The vanishing act of the Argentine diesel-electric submarine ARA San Juan with its 44 crew would have sent a shudder of communal feeling through the navies of the world. The fate of the Russian nuclear-powered cruise missile submarine Kursk in 2000 and its 118 sailors, along with the bungles, the habitual secrecy and the cruelties of the aftermath, supplied an unwanted parallel.
The international commitment to identifying the missing sub was instant and genuine. Teams were assembled; crews deployed. Thirty ships and planes operated by 4,000 personnel from 13 countries have found their way into the mission to discover the whereabouts of the San Juan.
The Russians duly sent an Antonov An-128 cargo aircraft which arrived in Argentina on Friday, equipped with an unmanned submersible known as the Pantera Plus, capable of conducting sonar scans to depths of 1,000 metres. In addition to the Pantera Plus are deep sea divers and a diving doctor.
The US Navy’s Undersea Rescue Command has deployed a ship from Comodoro Rivadavia at Chubut’s port in the hope that its remotely operated mini-sub will be available to rescue any survivors.
The tale is unfolding as one between contesting truths and unresolved questions. The agony is dragged out. The odds keep being stacked. Supporters outside the Mar de Plata Naval Base sport placards of desperation in the face of crushing enormity: “We are with you, brave ones of the ARA San Juan.” Daily reports suggest the prospect of faintest survival – even after days, tinctures of hope are held out for sailors. Despite only having a week’s supply of air, the Navy publicity machine is intent on keeping spirits up. The prospect of culpability is also lurking.

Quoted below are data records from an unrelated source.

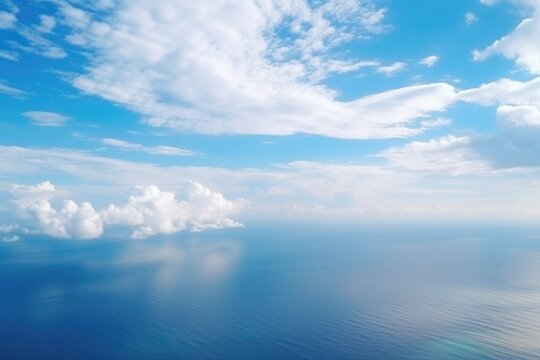 sea with huge white clouds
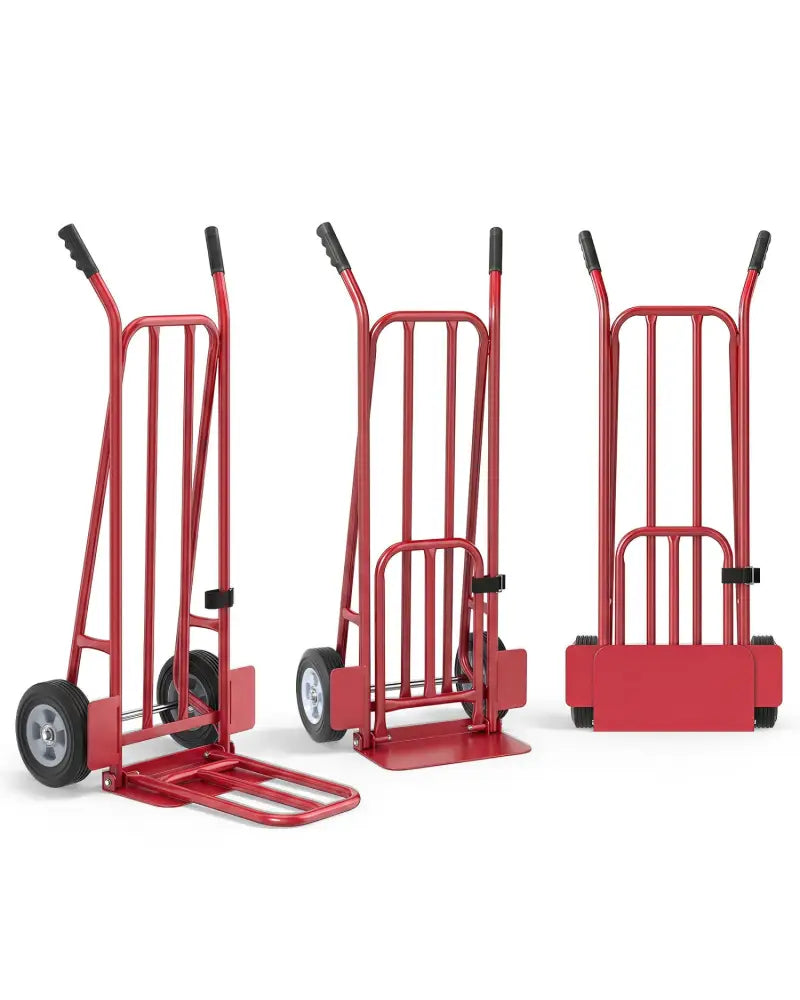 Heavy Duty Hand Truck Dolly with Dual Foldable Nose Plates-Red - Red - Garages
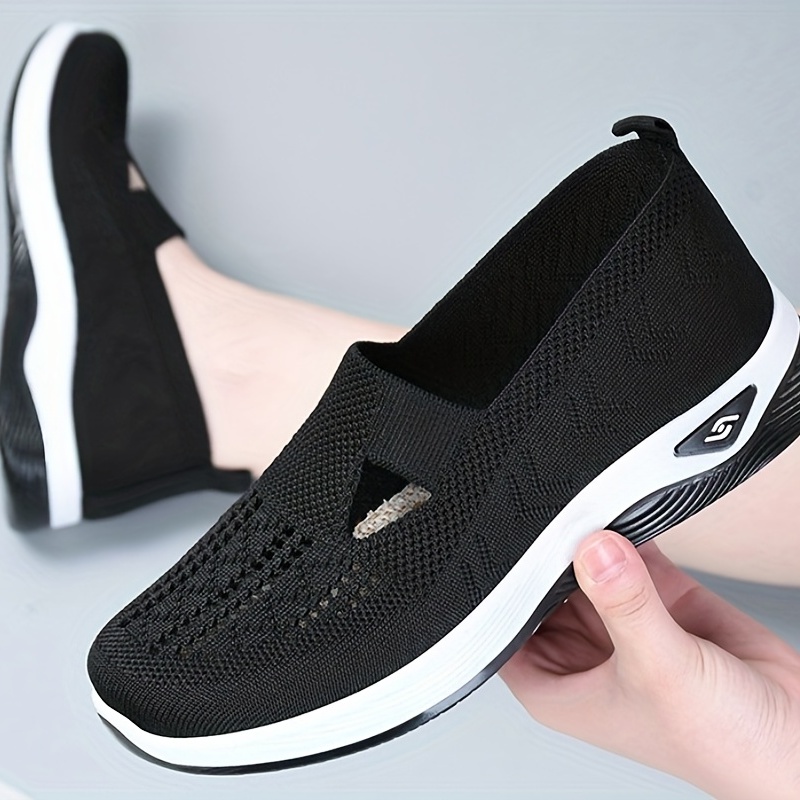 womens knitting sock shoes solid color cut out slip on walking shoes casual lightweight shoes details 5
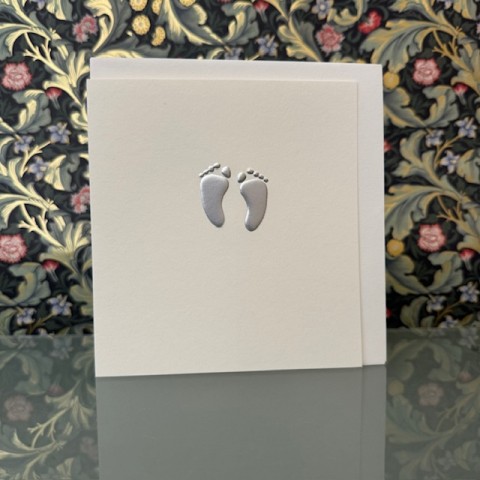 Baby card - Wee silver baby feet Baby card - Wee silver baby feet
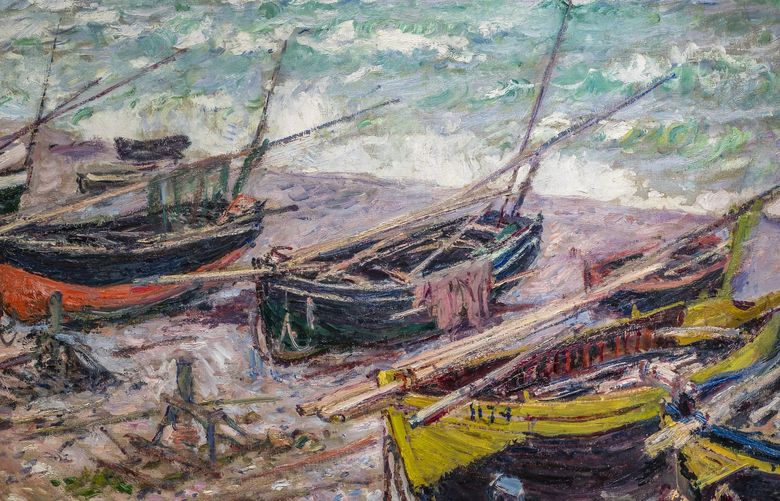 “Fishing Boats at Etretat,” an 1885 painting by Claude Monet, inspired the exhibition “Monet at Etretat.”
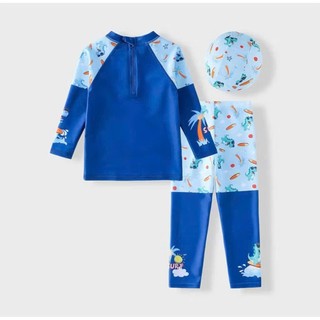 BK60 Bộ đồ bơi bé trai dài tay chống nắng khủng long dễ thương kèm mũ 10-40kg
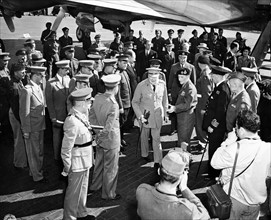 Field Marshal Montgomery welcoming Winston Churchill at Berlin-Gatow airfield.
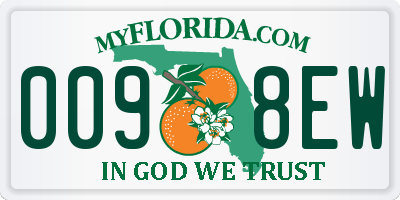 FL license plate 0098EW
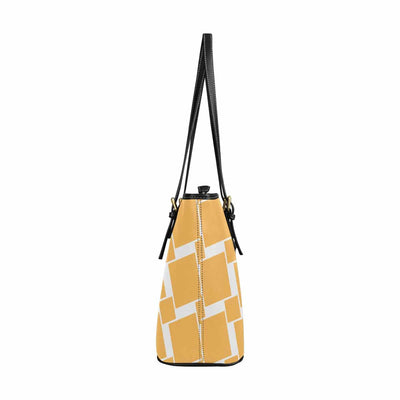 Large Leather Tote Shoulder Bag Yellow and White Grid illustration - Bags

Weather challenges in identifying the missing submarine are announced with regularity. This is humanity versus nature, human-made endeavour frustrated by the elements of a broody Mother Nature. “The bad weather conditions really are adverse,” claimed navy spokesman Enrique Balbi to a news conference.
This is far from all. The authorities reported a sound (US sources deemed it a “hydro-acoustic anomaly”) near the last recorded position of the San Juan on November 15 itself, suggesting that the submarine might well have suffered implosion. The source of this account came from the Vienna-based Comprehensive Nuclear-Test Ban Treaty Organisation (CTBTO), which detected an “abnormal, singular, short, violent, non-nuclear event” in the South Atlantic.

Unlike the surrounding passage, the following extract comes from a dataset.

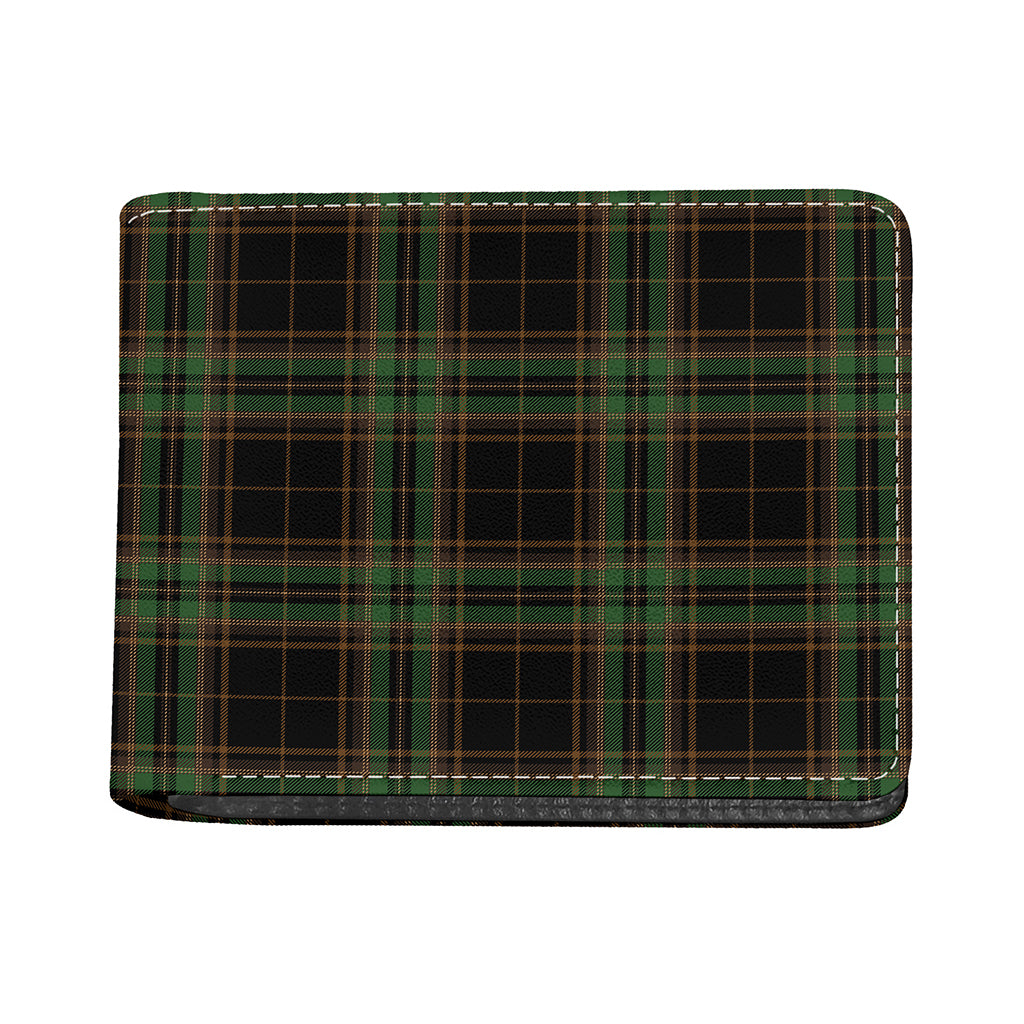 Black And Green Stewart Tartan Print Bifold Wallet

This very fact piqued the curiosity of those wondering, notably among the relatives of the crew members, whether the San Juan was up to scratch in the safety department. Tragic negligence, an often fatal human trait in matters of military equipment, was suggested.
The account was also laced with unwanted, agonising suspense. The submarine had surfaced momentarily on returning from a standard mission to Ushuaia Naval Base to report a “short circuit” of its batteries occasioned by the entry of water into its snorkel. The questions began accumulating with grief and menace: Was the San Juan equipped with torpedos? Was it fit for service, having been commissioned in 1985 and refitted in 2014?

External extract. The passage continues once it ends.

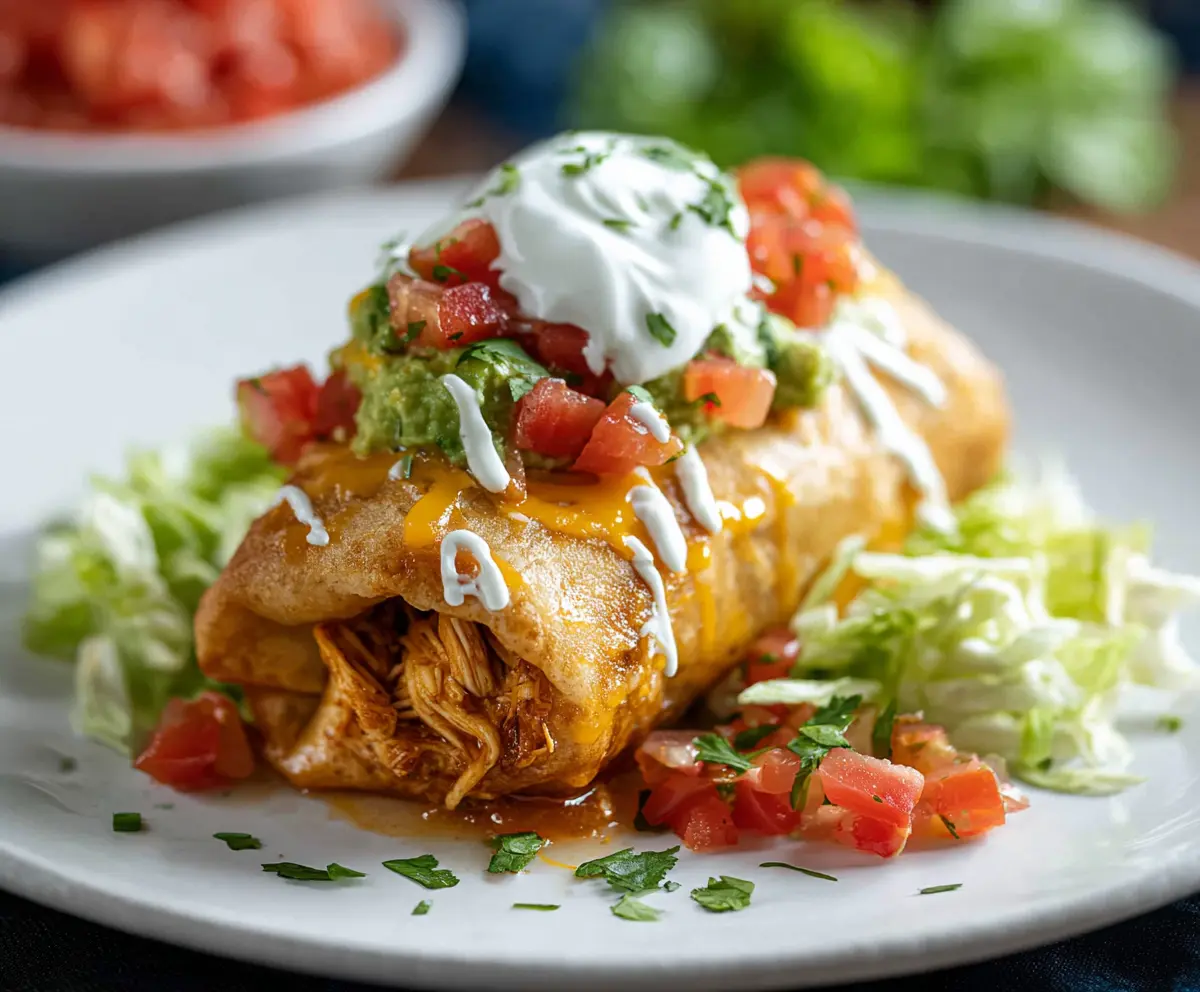 Golden and crispy chicken chimichanga served with dipping sauce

As with any institutional response to tragedy, bureaucrats, even in the navy, must assume that procedures were followed. Rarely is a confession ever made at first instance that this was not done. “The submarine doesn’t sail,” claimed Babi, if its entire operating system is not checked. “If it set off… it was because it was in a condition to do so.” The power of presumption.
Despite the unfolding calamity, Balbi maintains a posture of mild confidence moderated by fatalism, one he describes as “a stage of hope and hopelessness” – the worst of emotional twilight zones. “We’ve been searching for 11 days but that does not remove the chance that they could still be alive in an extreme survival situation.” In this state, the Navy remains committed to identifying the “firm evidence” necessary in detecting the San Juan.
Most terrifyingly of all, and most crushingly, is the numbing uncertainty, the impairing contingency. Relatives are divided between what might be a premature acceptance of death, and the sliver of a chance for miraculous survival. This piece of machinery, which risks, if it already has not become so, assuming the form of a 65-metre long mausoleum in the sea, may well entomb its residents for years to come.